### Exercise objective
In the listing below, print exactly the lines between the line holding "Dogue de Bordeaux Dogs For Mating In Bhopal" and the line holding "Model ucha z", inclusive, and no more.

___

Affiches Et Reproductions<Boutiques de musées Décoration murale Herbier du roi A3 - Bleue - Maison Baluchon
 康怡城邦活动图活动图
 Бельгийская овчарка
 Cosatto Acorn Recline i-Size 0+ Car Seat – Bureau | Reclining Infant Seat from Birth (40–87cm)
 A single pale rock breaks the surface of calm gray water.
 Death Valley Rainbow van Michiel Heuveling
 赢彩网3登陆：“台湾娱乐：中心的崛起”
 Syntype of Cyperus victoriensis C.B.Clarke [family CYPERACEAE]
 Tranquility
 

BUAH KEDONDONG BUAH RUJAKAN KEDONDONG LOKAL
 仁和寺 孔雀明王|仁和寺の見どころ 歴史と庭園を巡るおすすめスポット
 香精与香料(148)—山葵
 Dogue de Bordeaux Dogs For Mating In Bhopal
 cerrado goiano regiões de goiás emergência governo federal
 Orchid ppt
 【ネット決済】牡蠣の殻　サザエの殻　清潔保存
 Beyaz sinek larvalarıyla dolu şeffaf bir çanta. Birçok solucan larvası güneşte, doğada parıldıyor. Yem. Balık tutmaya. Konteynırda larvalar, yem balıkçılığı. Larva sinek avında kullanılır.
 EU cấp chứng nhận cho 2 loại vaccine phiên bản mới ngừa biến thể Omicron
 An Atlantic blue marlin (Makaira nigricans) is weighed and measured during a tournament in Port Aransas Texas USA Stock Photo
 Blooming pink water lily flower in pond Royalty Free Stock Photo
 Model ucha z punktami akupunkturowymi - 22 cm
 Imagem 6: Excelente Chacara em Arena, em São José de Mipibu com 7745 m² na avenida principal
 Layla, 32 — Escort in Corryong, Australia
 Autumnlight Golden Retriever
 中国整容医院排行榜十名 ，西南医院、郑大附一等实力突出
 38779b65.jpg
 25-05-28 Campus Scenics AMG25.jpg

___

### Solution to the exercise
 Dogue de Bordeaux Dogs For Mating In Bhopal
 cerrado goiano regiões de goiás emergência governo federal
 Orchid ppt
 【ネット決済】牡蠣の殻　サザエの殻　清潔保存
 Beyaz sinek larvalarıyla dolu şeffaf bir çanta. Birçok solucan larvası güneşte, doğada parıldıyor. Yem. Balık tutmaya. Konteynırda larvalar, yem balıkçılığı. Larva sinek avında kullanılır.
 EU cấp chứng nhận cho 2 loại vaccine phiên bản mới ngừa biến thể Omicron
 An Atlantic blue marlin (Makaira nigricans) is weighed and measured during a tournament in Port Aransas Texas USA Stock Photo
 Blooming pink water lily flower in pond Royalty Free Stock Photo
 Model ucha z punktami akupunkturowymi - 22 cm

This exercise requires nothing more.